Conclusions. Visit demonstrated not only high value GON attaches to US relationship but also, implicitly, problems and contradictions US continues to face in establishing a subcontinental policy that at one and the same time recognizes importance of maintaining satisfactory relations with India while pursuing our legitimate bilateral interests in and with India’s smaller neighbors. (While our situation in landlocked Nepal is somewhat unique, we suspect that similar contradictions exist to some degree or other in regard to our relations with such other neighbors as Ceylon, Bangladesh, and even Pakistan.) As to how we reconcile these conflicting interests between US-Nepalese and US-Indian relations in Nepal, policy considerations suggested in our 4457 of November 20, 1972, appear remain generally valid.
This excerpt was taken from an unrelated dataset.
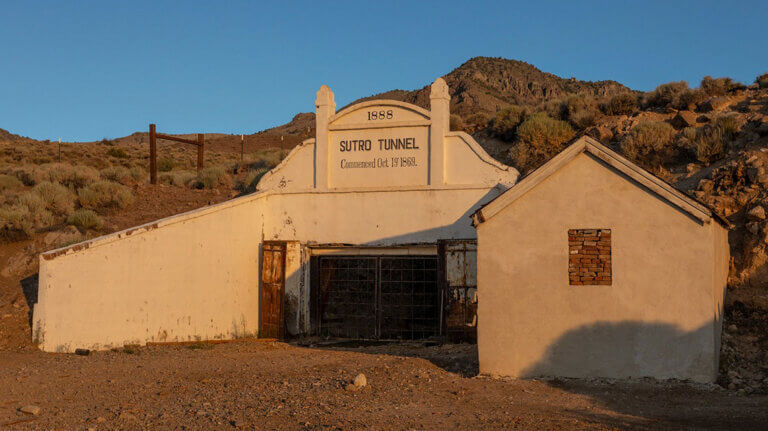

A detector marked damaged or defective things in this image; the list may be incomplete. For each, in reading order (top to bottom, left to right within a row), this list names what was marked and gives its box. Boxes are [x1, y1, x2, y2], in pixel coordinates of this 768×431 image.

rusty metal gate [260, 243, 286, 340]
rusty metal gate [312, 256, 438, 340]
A US posture in any small state neighboring India that is [Page 6] in keeping with international norms, is clear in its purpose, openly explained, steady, and predictable, ought to be able to further our mutual interests with the neighbor without causing undue suspicion or opposition in India—as long as Delhi continues to follow policies toward its neighbors that are in fact as well as in word, based on respect for the neighbor’s independence, as the Indian Foreign Minister assured DepSec they were (Tehran 2749, para 19). Unfortunately, current emanations from Indian Embassy and local Indian journalists suggest Indians here are interpreting DepSec visit to Nepal as anti-Indian in intent. We hope, however, that this is transitory sour grapes rather than beginning of new phase during which India interprets its interests in paranoid and possessive manner.
  1. Source: National Archives, RG 59, Central Files 1970–73, POL 2–3 Nepal. Confidential. It was repeated to Calcutta, Colombo, Dhaka, Islamabad, Kabul, New Delhi, and Tehran.
  2. The Embassy reported on the visit of Assistant Secretary for Near Eastern and South Asian Affairs Joseph Sisco and Deputy Secretary of State Kenneth Rush to Katmandu. Rush met with King Birendra, among others, and discussed Nepalese foreign relations and U.S. interests in Nepal.